# Spans
> Span class and how to interface it with pandas

In [None]:
#| default_exp span

In [None]:
#| hide
from nbdev.showdoc import show_doc

%load_ext autoreload
%autoreload 2

In [None]:
#| export
from abc import ABC, abstractmethod
import pytest
from pathlib import Path
import pandas as pd
from pathlib import Path
from typing import no_type_check, Set, Sequence, Any,Optional,List,Callable,Dict,Union
from pydantic import BaseModel

pd.options.future.infer_string = True


I followed [this guide](https://itnext.io/guide-to-pandas-extension-types-and-how-to-create-your-own-3b213d689c86) on how to make extension types for pandas

In [None]:
#| export
import hashlib

def small_hash(txt,length=6):
    """A function that returns a small hash of a string

    Args:
        txt (_type_): string to hash
        length (int, optional): length of hash. Defaults to 6.

    Returns:
        _type_: _description_
    """
    return hashlib.sha1(txt.encode()).hexdigest()[:length]

In [None]:
#| export
SPAN_REPR_FORMAT = '''[@{doc},{start},{end}) "{text}"'''
SPAN_TEXT_HEAD_NUM = 10

def set_span_repr_format(format=None,head:int=None):
    """
    Sets the representation format for spans and the number of characters to display in the span text.

    Parameters:
        format (str, optional): The representation format for spans. Defaults to None.
        head (int, optional): The number of characters to display in the span text.
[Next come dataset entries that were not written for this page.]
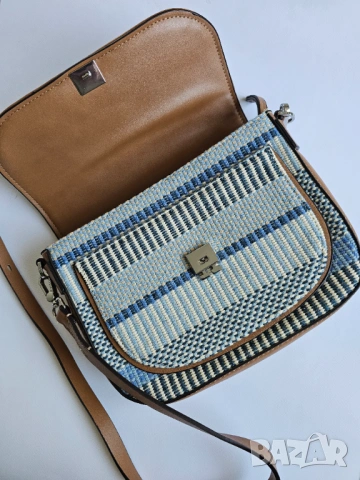 Дамска чанта Parfois , снимка 2 - Чанти - 53865919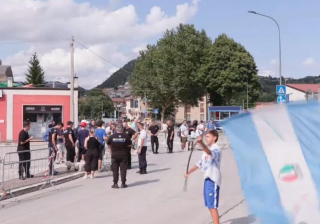 Il Napoli a Castel di Sangro: attesi 140 mila tifosi, scatta il piano straordinario di sicurezza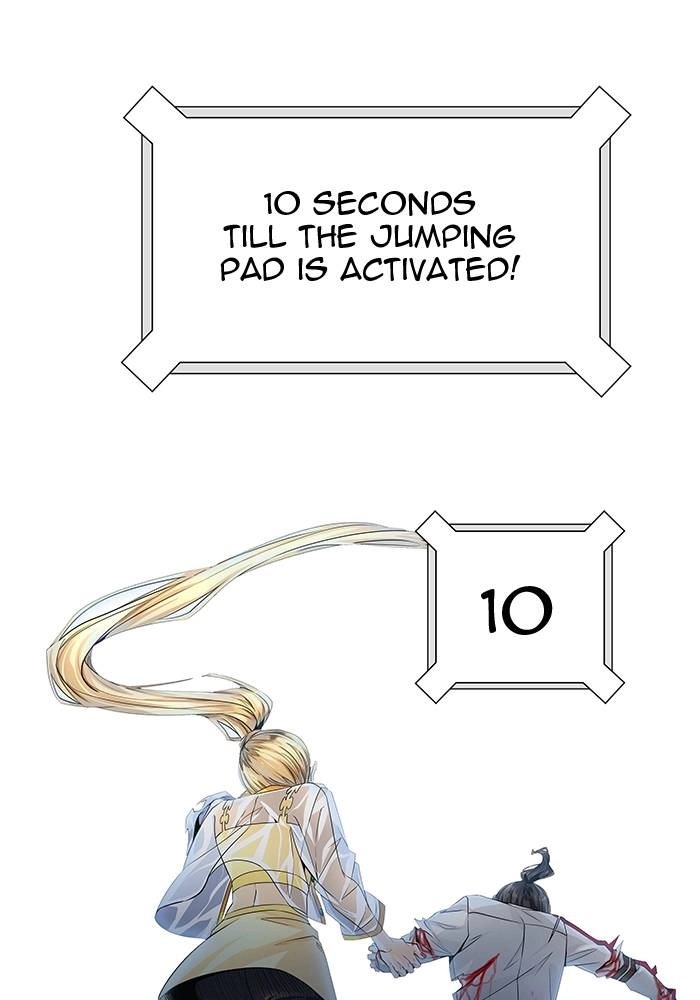 Tower of God Chapter 498, page 142 of 162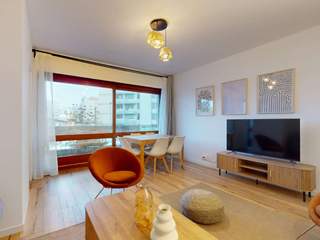 Flatsharing, 6-bedroom flat , Annemasse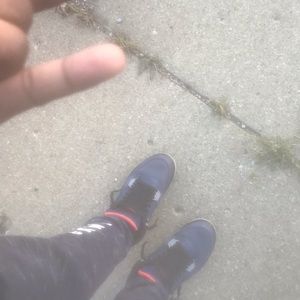 Meet your Posher, Kobe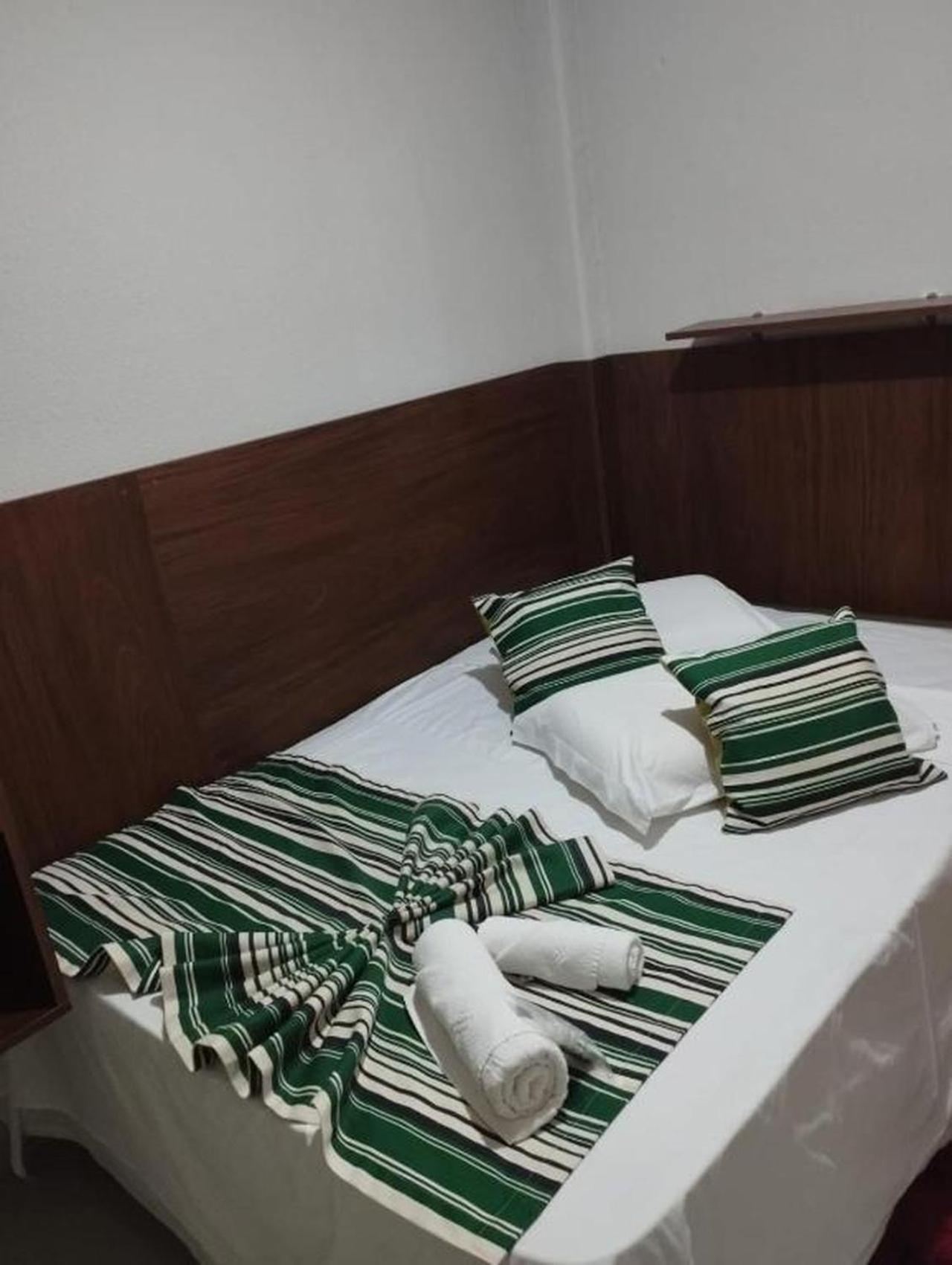 Turis Hotel Dourados Zewnętrze zdjęcie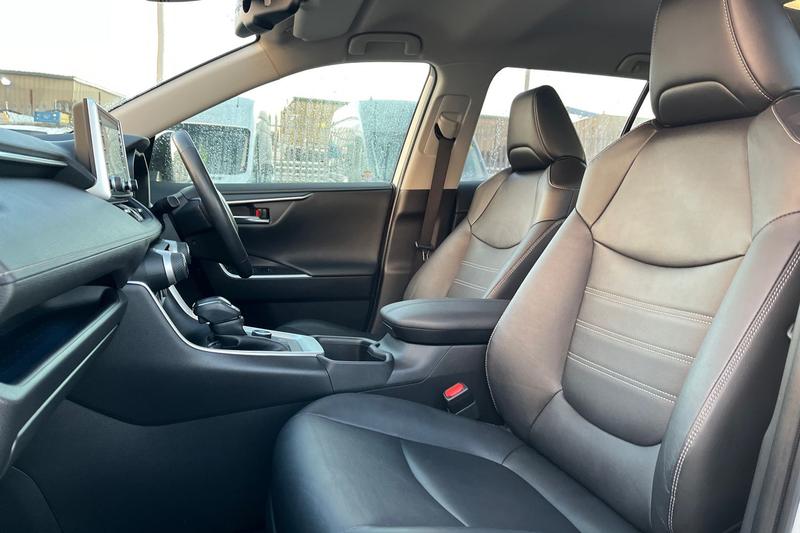 Used Toyota RAV4 2022 for sale - 77192874: Photo 19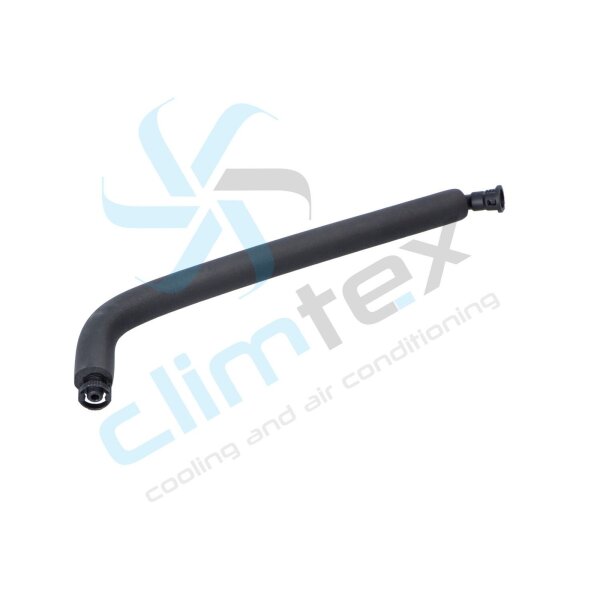 CLIMTEX CX4-008 Schlauch, Kurbelgehäuseentlüftung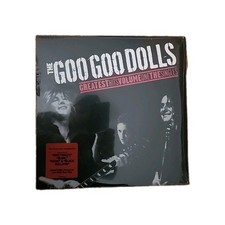Goo Goo Dolls - Greatest Hits, Volume ONE The Singles by Goo Goo Dolls New Viny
Defaults to None.
    """
    global SPAN_REPR_FORMAT, SPAN_TEXT_HEAD_NUM
    if format is not None:
        SPAN_REPR_FORMAT = format
    if head is not None:
        SPAN_TEXT_HEAD_NUM = head

def get_span_repr_format() -> str:
    """
    Returns the span representation format.

    Returns:
        (the span representation format, the number of characters to display in the span text)
    """
    return SPAN_REPR_FORMAT, SPAN_TEXT_HEAD_NUM


In [None]:
#| export
from enum import Enum
from typing import Any
from pydantic import ConfigDict
from collections import UserString
# TODO from here turn all code into having spanner act as a string with slicing, change the display option to use repr
# and add a note on it in the tutorial and the tests here

# we will have an ie function that casts a span to its string for viewing while developing - TODO

# whether we get a document as a string or as a file, we assume that it remains immutable throughout the process - TODO explain
# a user can access the original document through the span interface (currently we dont do disk caching etc so it will just be a string and not a document class) - TODO explain

class Span(UserString):
    def __init__(self,doc,start=None,end=None,name=None):
        if isinstance(doc,Span):
            father = doc
            sub_span = doc.slice(start,end)
            self.doc = sub_span.doc
            self.start = sub_span.start
            self.end = sub_span.end
            self.name = sub_span.name
        
        else:
            if isinstance(doc,Path):
                self.doc = doc.read_text()
                self.name = doc.name
            else:
                if name is None:
                    name = small_hash(doc)
                self.name = name
                self.doc = doc
                
            if start is None:
                start = 0
            if end is None:
                end = len(self.doc)
            self.start = start
            self.end = end


        super().__init__(self.as_str())


    def __getitem__(self, key):
        if isinstance(key, slice):
            return self.slice(key.start,key.stop)
        return self.doc[self.start+key]
    
    def slice(self, start=None,end=None):
        if start is None:
            start = 0
        if end is None:
            end = len(self)
        if start < 0 or end < 0:
            raise ValueError(f'Negative indices not supported, got start: {start}, end: {end}')
        if start > end:
            raise ValueError(f'Start index greater than end index, got start: {start}, end: {end}')
        if end > len(self):
            raise ValueError(f'End index greater than length of span, got end: {end}, length: {len(self)}')
        return Span(self.doc,self.start+start,self.start+end,name=self.name)

    # @property
    # def data(self):
    #     return str(self)
    
    def __repr__(self):
        f_string,head_num = get_span_repr_format()
        text = self.doc[self.start:self.end]
        if len(text) > head_num:
            text = text[:head_num] + '...'
        return SPAN_REPR_FORMAT.format(doc=self.name,start=self.start,end=self.end,text=text)

    def __len__(self):
        return self.end-self.start

    def __str__(self):
        return self.as_str()

    def as_str(self):
        return self.doc[self.start:self.end]
    
    # # used for sorting `Span`s in dataframes
    def __hash__(self) -> int:
        return hash((self.doc,self.start, self.end))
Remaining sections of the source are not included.